I’ve worked as a writer ever since I graduated with a journalism degree in 1982. For almost every piece of writing I’ve done, I’ve had a contract to write it ahead of time. I’ve known the topic, the length, the audience, and how much I’d be paid for my efforts.

With one major exception: my memoir.

I didn’t write a memoir because someone asked me to or because I sought publishing fame. I wrote a memoir because I had to write a memoir. I could almost feel the hand on my back pushing me forward. I didn’t know what the story would be about. All I knew was that I was solidly in the middle of mid-life and didn’t want to screw up my future the way I’d screwed up my past.

Not to put too fine a point on it.

In short, I wrote a memoir because I knew, on some level, that writing would help me heal. But once the memoir was done, I felt the pressure to publish. After all, I’d been a professional writer all my life and had been teaching memoir for years. My ego wouldn’t let the work sit in a drawer. I had to prove myself.

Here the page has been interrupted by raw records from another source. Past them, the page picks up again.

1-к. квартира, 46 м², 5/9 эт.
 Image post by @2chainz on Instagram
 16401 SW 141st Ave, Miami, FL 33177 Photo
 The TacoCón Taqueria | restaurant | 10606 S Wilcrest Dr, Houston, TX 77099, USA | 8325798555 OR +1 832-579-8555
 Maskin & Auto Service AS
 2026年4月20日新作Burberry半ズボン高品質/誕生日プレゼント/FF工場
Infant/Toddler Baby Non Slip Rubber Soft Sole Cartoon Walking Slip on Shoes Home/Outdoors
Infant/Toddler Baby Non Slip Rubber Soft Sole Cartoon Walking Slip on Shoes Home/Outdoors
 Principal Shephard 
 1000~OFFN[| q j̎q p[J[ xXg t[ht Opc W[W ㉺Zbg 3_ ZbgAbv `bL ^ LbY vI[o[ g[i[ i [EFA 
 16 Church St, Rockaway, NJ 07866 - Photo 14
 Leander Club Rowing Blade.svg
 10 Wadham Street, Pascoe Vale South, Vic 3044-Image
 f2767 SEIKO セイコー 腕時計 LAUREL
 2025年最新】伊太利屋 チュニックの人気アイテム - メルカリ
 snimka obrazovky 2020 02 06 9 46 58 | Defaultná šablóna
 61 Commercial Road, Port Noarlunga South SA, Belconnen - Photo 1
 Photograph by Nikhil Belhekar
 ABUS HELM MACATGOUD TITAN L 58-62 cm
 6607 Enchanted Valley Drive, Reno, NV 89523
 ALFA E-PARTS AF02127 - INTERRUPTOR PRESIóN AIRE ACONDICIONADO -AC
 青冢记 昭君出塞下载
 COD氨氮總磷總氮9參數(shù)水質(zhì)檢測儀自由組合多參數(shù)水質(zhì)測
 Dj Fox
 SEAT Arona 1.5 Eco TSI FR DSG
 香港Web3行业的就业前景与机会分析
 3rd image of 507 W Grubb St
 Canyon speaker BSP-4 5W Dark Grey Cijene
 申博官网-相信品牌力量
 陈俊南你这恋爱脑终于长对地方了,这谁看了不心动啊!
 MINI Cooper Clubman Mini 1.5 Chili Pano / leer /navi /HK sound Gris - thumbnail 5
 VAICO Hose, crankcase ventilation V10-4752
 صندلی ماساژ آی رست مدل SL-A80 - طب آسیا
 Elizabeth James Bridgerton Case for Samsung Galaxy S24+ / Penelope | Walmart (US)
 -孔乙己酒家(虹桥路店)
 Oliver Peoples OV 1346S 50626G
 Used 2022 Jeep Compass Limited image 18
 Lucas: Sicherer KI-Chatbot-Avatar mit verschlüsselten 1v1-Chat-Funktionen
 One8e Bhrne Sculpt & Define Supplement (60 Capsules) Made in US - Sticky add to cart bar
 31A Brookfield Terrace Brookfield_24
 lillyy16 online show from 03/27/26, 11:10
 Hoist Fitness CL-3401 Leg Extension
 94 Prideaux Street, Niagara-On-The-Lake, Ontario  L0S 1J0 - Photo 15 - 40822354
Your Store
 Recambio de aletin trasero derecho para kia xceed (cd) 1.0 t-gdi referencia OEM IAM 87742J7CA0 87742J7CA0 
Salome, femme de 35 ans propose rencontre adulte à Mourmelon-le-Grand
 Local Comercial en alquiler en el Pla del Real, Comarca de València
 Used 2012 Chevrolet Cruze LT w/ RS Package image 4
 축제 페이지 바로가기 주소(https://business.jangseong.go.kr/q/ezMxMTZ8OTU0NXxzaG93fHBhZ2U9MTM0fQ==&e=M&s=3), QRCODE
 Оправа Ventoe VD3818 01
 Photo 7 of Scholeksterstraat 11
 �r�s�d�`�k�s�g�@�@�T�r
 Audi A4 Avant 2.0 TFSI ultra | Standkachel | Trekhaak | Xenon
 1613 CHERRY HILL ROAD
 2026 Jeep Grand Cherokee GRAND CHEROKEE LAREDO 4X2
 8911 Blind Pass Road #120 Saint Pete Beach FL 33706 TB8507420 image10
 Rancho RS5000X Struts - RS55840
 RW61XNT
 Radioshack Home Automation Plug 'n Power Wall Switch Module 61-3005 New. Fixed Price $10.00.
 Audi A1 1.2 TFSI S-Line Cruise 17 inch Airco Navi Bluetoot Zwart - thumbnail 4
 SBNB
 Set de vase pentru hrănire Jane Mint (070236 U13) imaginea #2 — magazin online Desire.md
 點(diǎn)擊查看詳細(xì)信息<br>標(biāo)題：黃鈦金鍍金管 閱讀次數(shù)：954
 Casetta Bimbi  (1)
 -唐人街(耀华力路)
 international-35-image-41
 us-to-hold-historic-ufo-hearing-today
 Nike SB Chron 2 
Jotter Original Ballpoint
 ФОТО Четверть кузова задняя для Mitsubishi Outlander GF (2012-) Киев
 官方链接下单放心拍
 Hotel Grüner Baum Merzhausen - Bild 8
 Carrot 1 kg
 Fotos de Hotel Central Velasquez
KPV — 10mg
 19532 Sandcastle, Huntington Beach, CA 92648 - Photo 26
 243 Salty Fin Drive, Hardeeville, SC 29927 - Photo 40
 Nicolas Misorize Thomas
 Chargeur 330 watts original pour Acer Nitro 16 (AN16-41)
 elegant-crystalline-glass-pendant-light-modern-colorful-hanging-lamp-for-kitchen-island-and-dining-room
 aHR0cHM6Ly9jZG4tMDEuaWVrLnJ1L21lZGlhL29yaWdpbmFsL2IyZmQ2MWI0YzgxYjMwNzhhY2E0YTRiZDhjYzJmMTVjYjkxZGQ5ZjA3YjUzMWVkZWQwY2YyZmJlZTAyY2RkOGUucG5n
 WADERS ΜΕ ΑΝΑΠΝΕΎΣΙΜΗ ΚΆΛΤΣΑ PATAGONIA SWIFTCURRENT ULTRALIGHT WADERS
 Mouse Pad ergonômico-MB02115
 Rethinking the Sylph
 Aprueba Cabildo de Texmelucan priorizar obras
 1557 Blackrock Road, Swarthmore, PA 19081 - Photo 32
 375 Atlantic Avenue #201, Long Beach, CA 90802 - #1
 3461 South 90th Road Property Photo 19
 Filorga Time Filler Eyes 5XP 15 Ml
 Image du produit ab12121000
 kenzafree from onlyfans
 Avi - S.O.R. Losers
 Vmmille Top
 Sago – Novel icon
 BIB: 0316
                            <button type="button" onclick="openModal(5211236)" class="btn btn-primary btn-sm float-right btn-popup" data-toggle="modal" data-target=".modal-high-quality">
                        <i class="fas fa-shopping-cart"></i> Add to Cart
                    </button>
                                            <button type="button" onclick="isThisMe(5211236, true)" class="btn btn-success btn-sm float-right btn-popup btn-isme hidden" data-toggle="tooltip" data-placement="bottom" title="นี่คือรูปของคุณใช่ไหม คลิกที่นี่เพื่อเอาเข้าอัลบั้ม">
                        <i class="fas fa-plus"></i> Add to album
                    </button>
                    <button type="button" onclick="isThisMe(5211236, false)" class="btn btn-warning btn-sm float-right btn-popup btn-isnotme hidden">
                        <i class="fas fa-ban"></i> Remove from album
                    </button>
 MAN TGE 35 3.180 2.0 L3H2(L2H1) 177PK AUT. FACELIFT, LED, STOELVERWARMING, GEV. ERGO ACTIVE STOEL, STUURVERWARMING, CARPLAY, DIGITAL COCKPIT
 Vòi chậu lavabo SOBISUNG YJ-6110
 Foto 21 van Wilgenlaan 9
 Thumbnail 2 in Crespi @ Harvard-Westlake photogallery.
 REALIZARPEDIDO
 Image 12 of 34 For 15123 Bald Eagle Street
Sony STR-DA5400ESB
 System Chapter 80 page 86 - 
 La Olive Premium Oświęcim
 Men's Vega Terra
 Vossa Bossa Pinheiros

Ignoring the knife twist in my gut, I searched for a new agent (mine had moved to Israel), sent query letters and started to receive the expected but still demoralizing rejection letters. Several agents were kind enough to offer suggestions, and in response, I started to alter the story, bit by bit, as I searched for the most “marketable” angle.

What began as a sacred and self-validating process of understanding my life choices soon turned into a calculating commercial endeavor in which I worked to find the story that would sell. I became desperate about making my story into one a publisher would buy. In the process, I grew increasingly agitated and difficult to be around. This wasn’t some lame story I was trying to sell to a magazine. This was my story, my life. The agents weren’t rejecting my writing or my idea. They were rejecting me.

Or so it felt.

Still, I continued to shop the memoir for a few more months, until I realized–or rather, remembered– that publishing had never been the goal. In fact, whenever I thought about standing up in bookstores and reading my story aloud, I wanted to run and hide, which isn’t a terribly effective approach to marketing.

I didn’t want to talk about my memoir because I was no longer passionate about it. The writing was done, and it had done its job well. I’d come to understand a difficult period in my life. I’d forgiven my younger self and was ready to move on, free of shame and misgiving.

What I was driven to talk about were the many benefits of memoir writing itself. I’d experienced firsthand the way writing your story can profoundly change your life. Instead of talking about my story, I was–and still am–far more driven to encourage others to honor the sacred path they’ve walked by writing their own memoir.

Once I withdrew the memoir from consideration from the agents who still held it, I felt the cool rush of relief. I may not have gotten a publishing deal (thank goodness), but what I did get was a much deeper understanding of and passion for the work I believe I was put here to do.